Archiv für April 2017

3. Lokal Kärwa

Ultras Nürnberg eröffnet die Kärwa-Saison und lädt nach dem Stuttgart-Heimspiel zu fränkischen Köstlichkeiten ins Lokal ein.
Fassbier, Weinstand, Schnapsba…, viel wichtiger ist aber wieder einmal der Stand der Assistenza und deren Aktion „Ball für Ball“.
Mit dem Kauf eines Balles sponsort ihr einen weiteren Ball, der einer sozialen Einrichtung in Nürnberg zugute kommt. Man glaubt fast gar nicht, wie viel so ein „einfacher“ Ball bewirken kann und kleinen Menschen ein Lächeln ins Gesicht zaubert.

Wir freuen uns daher auf zahlreiche Gäste, schaut vorbei!

Der Kneipenguide zum Wochenende

Am Sonntag spielt der 1.FCN in Würzburg. Die rot-schwarze Hochburg lockt mit ihrer Kneipenlandschaft. Exklusiv hat das Ya Basta! einige Trinkhallen und Tanzlokale getestet.

Seien wir ehrlich: Innerhalb der Nürnberger Fanszene sind wir vom Ya Basta! nicht die passioniertesten Trinker. Den Schalteppich haben wir abgelegt und ins Schema der sogenannten „Sieben Seidlas-Theorie“ für die einfache Strecke einer Auswärtsfahrt passen wir auch nicht. Ein kühles Blondes würden wir dennoch nie ablehnen.

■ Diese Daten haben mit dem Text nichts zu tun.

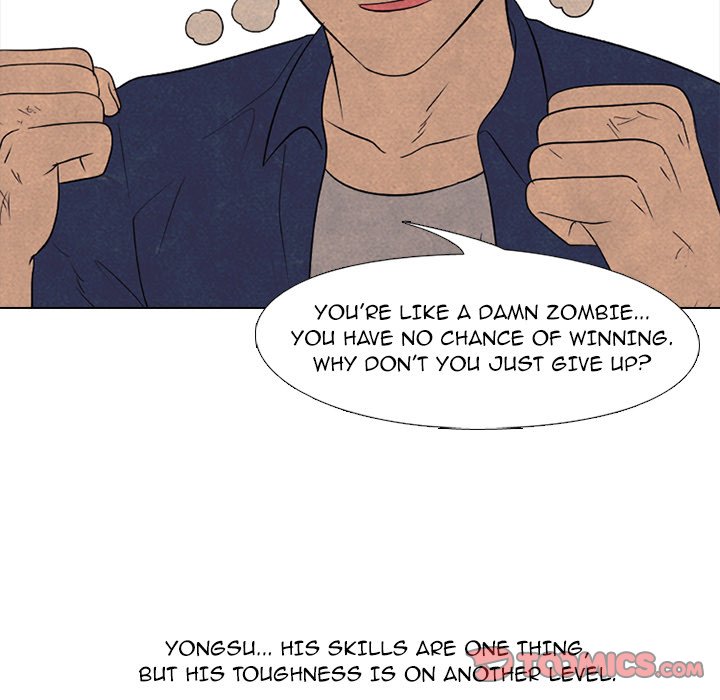 High School Devil Chapter 185 image 105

Da passt es gut, dass der Glubb am Sonntag, 23. April sein Heimspiel in Würzburg austrägt. Die Studentenstadt weist für ihre Größe eine hohe Kneipendichte auf. Wir haben uns einige Einkehrmöglichkeiten angesehen und für euch getestet. Mit unserem Kneipenguide sollte einem gepflegten Wochenende in der Mainstadt nichts im Wege stehen. – Und damit das findige Lokaljournalisten nicht missinterpretieren können, anbei ein Auszug aus dem Duden

Für stilbewusste Romantiker: Der Biertümpel

Fans entspannter Kneipenatmosphäre kommen nahe der alten Mainbrücke voll auf ihre Kosten! Der Biertümpel lockt mit bezahlbaren Preisen und nächtlicher Haute cuisine. Das Unterhaltungsangebot ist ausgeprägt und spätestens nach einer „Essacher Luft“, der Spezialität des Hauses, möchte man diese Lokalität nie wieder verlassen. Praktisch für Glubbfans ohne Pennplatz: Der Biertümpel schließt erst um 5 Uhr morgens!

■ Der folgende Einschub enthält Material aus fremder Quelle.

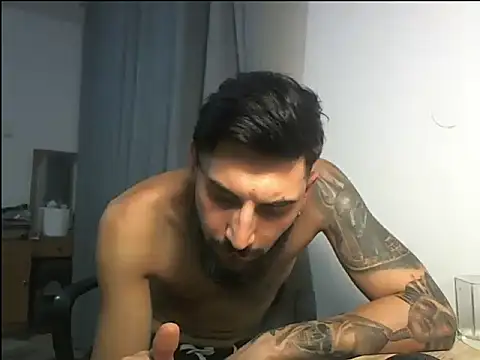 Alexgrc13 online show from October 15, 2025, 8:42 pm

Biertümpel, Zeller Straße 17, 97082 Würzburg

Biertuempel

Für alle Stromgitarren-Fans: Das Laby

Liebhaber harter Gitarren-Riffs und brachialer Double-Base-Einlagen kommen im Laby auf ihre Kosten. Der Name Laby, kurz für Labyrinth, ist in diesem Fall wörtlich zu nehmen, denn zwischen Gothic-Girls und Metal-Dudes kann man bei Nacht schnell den Überblick verlieren. In Sachen Kleidung sollte sich der Glubbfan deshalb eher an der dunkleren Vereinsfarbe des FCN orientieren. Dann steht einem ruhigen Abend bei sanften Klängen nichts mehr im Wege!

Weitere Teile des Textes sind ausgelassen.